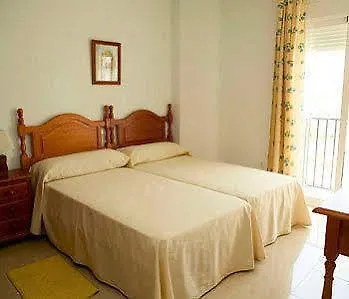 Apartamentos Miguel Angel Estepona 0*,  Spagna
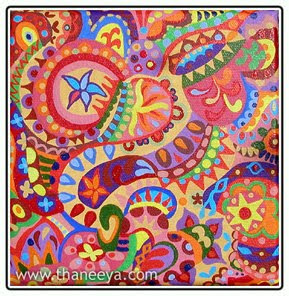 jamaica byles: Artist: Thaneeya McArdle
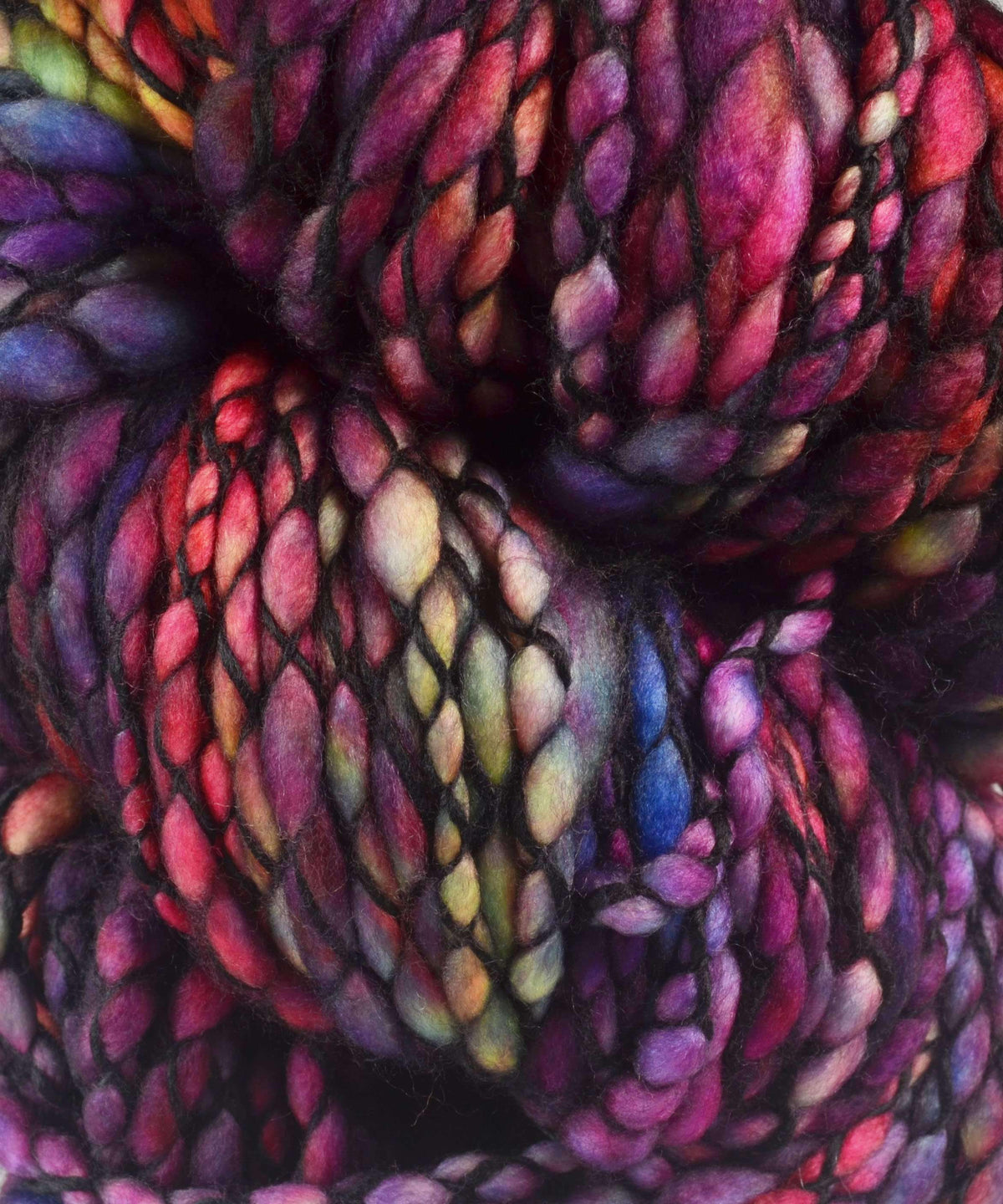 Malabrigo Caracol-Yarn-Malabrigo Yarn-005 Anniversario-Alpaca Direct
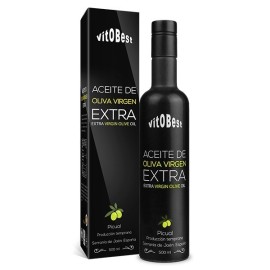 Aceite de Oliva Virgen Extra - 500 ML - VitoBest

• [Problem to work on] Copy the listing above verbatim; the pictures it contains are to stay out.

• [The answer]
 Apartamentos Miguel Angel Estepona 0*,  Spagna
 jamaica byles: Artist: Thaneeya McArdle
 Malabrigo Caracol-Yarn-Malabrigo Yarn-005 Anniversario-Alpaca Direct
 Aceite de Oliva Virgen Extra - 500 ML - VitoBest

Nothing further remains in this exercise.